Your task
The lines to transcribe run from the top of the material below to the line with "Track Gloves White Navy", inclusive. Leave the pictures behind.

Exercise data

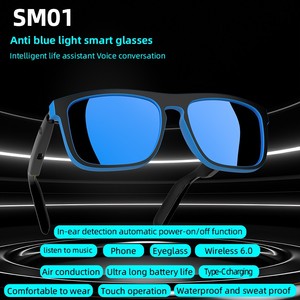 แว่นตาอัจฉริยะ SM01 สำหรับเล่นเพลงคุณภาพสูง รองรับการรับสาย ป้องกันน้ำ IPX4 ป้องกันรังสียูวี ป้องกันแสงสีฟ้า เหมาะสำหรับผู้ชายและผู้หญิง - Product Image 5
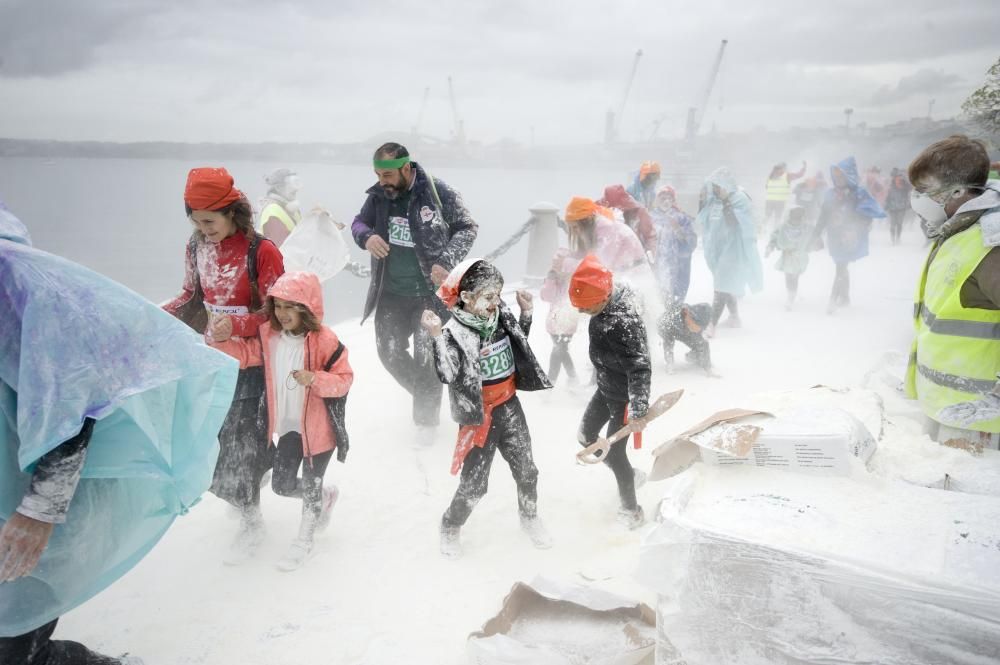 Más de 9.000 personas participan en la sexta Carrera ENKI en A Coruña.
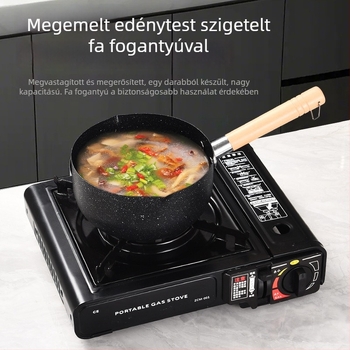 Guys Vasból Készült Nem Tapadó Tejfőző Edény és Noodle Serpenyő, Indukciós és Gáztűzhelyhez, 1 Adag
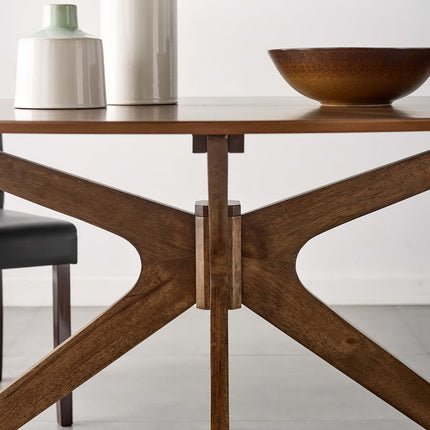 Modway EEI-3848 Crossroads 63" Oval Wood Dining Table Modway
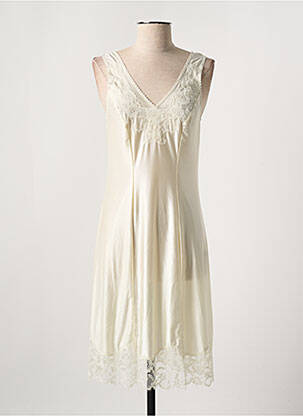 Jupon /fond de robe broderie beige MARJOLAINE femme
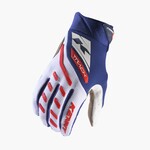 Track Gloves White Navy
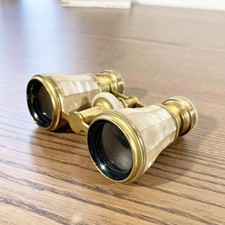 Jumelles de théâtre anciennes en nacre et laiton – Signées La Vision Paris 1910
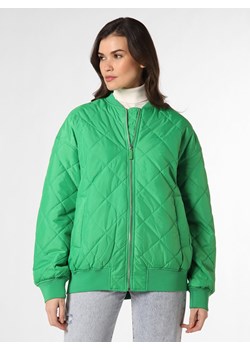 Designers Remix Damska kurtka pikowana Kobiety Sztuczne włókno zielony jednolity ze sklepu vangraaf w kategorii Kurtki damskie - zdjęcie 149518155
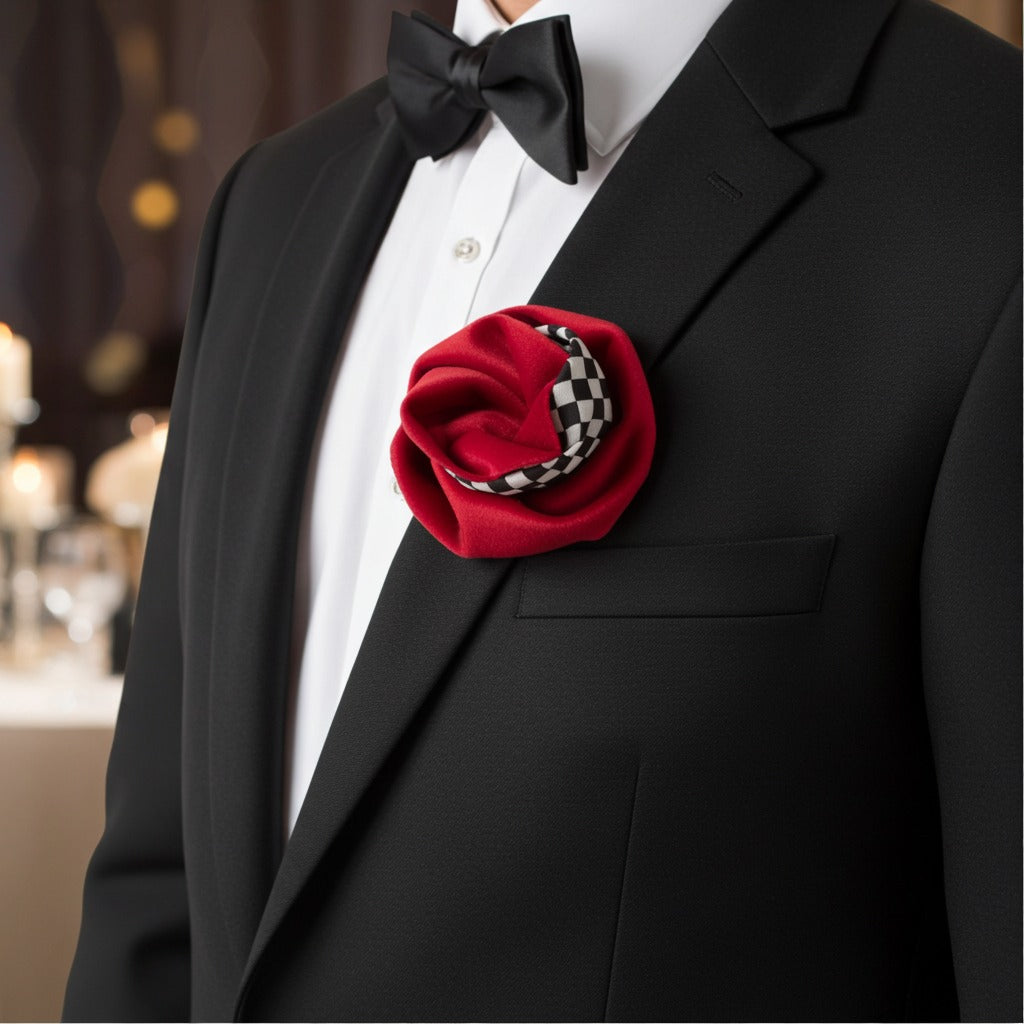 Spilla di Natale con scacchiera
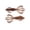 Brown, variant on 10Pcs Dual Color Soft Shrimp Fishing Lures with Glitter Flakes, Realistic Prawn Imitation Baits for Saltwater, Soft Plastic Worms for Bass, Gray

Response area
 แว่นตาอัจฉริยะ SM01 สำหรับเล่นเพลงคุณภาพสูง รองรับการรับสาย ป้องกันน้ำ IPX4 ป้องกันรังสียูวี ป้องกันแสงสีฟ้า เหมาะสำหรับผู้ชายและผู้หญิง - Product Image 5
 Más de 9.000 personas participan en la sexta Carrera ENKI en A Coruña.
 Guys Vasból Készült Nem Tapadó Tejfőző Edény és Noodle Serpenyő, Indukciós és Gáztűzhelyhez, 1 Adag
 Modway EEI-3848 Crossroads 63" Oval Wood Dining Table Modway
 Jupon /fond de robe broderie beige MARJOLAINE femme
 Track Gloves White Navy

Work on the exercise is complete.